* Documentation bug for __builtin_choose_expr
@ 2004-11-22 8:06 Jamie Lokier
2004-11-22 10:41 ` Joseph S. Myers
` (2 more replies)
0 siblings, 3 replies; 8+ messages in thread
From: Jamie Lokier @ 2004-11-22 8:06 UTC (permalink / raw)
To: gcc
The documentation for __builtin_choose_expr says:
-- Built-in Function: TYPE __builtin_choose_expr (CONST_EXP, EXP1, EXP2)
You can use the built-in function `__builtin_choose_expr' to
evaluate code depending on the value of a constant expression.
This built-in function returns EXP1 if CONST_EXP, which is a
constant expression that must be able to be determined at compile
time, is nonzero. Otherwise it returns 0.

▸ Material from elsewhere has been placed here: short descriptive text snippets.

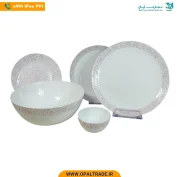 سرویس 26 پارچه گرد اُپال گلبانو صورتی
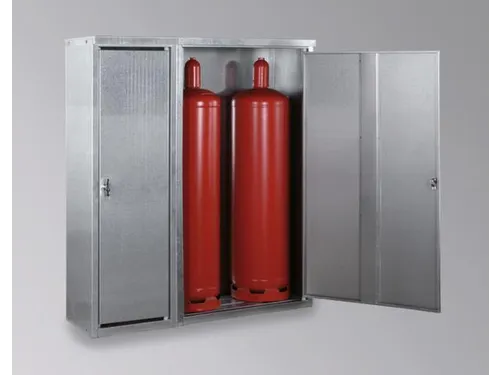 gasflessenkast,v. 3x33kg fles,HxBxD 1435x1320x400mm,m. dak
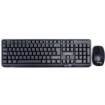Imagen de KIT VORAGO TECLADO Y MOUSE KM-302 INALAMBRICO NEGRO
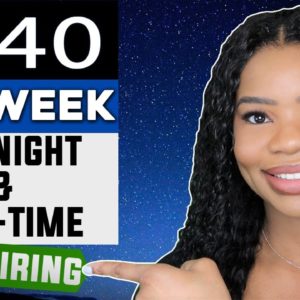 $740 PER WEEK ONLINE JOBS! PART-TIME & OVERNIGHT! APPLY ASAP!! WORK FROM HOME JOBS 2022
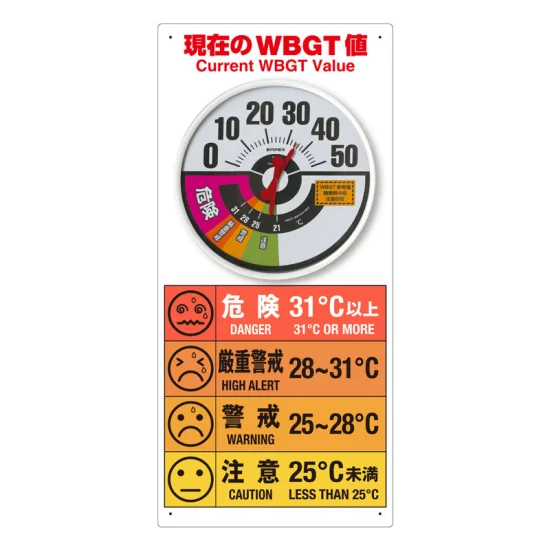 WBGT値標識 防雨型温度WBGT値計付 (HO-5125) - 安全用品・工事看板通販 WBGT値標識 防雨型温度WBGT値計付 (HO-5125) - 安全用品・工事看板通販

This built-in function is analogous to the `? :' operator in C,
except that the expression returned has its type unaltered by
promotion rules. Also, the built-in function does not evaluate
^^^^^^^^^^^^^^^^^^^^^^^^^^^^^^^^^^^^^^^^^^^^^
the expression that was not chosen. For example, if CONST_EXP
^^^^^^^^^^^^^^^^^^^^^^^^^^^^^^^^^^^^^^^^^^^^^^^^^^^^^^^^^^^^^^
evaluates to true, EXP2 is not evaluated even if it has
^^^^^^^^^^^^^^^^^^^^^^^^^^^^^^^^^^^^^^^^^^^^^^^^^^^^^^^
side-effects.
^^^^^^^^^^^^^
The way this is written implies that the underscored behaviour is
different from the `? :' operator in C.
But the `? :' operator does not evaluate the expression that was not
chosen either. If the condition evaluates to true, EXP2 is not
evaluated in `COND ? EXP1 : EXP2'.
It would be better to replace that paragraph with:
This built-in function is analogous to the `? :' operator in C,
except that the expression returned has its type unaltered by
promotion rules.
If there is some other effect of __builtin_choose_expr, for example if
it were to inhibit compilation or warnings in the unselected branch in
some way, it would be useful to mention that. I don't know of any
such effects. (Inhibiting warnings in the unselected branch and
promising to not expand large inline functions in that branch would be
a useful addition imho).
-- Jamie
^ permalink raw reply [flat|nested] 8+ messages in thread
* Re: Documentation bug for __builtin_choose_expr
2004-11-22 8:06 Documentation bug for __builtin_choose_expr Jamie Lokier
@ 2004-11-22 10:41 ` Joseph S. Myers
2004-11-22 10:42 ` Jamie Lokier
2004-11-22 12:21 ` Andreas Schwab
2004-11-22 20:45 ` Kai Henningsen
2 siblings, 1 reply; 8+ messages in thread
From: Joseph S. Myers @ 2004-11-22 10:41 UTC (permalink / raw)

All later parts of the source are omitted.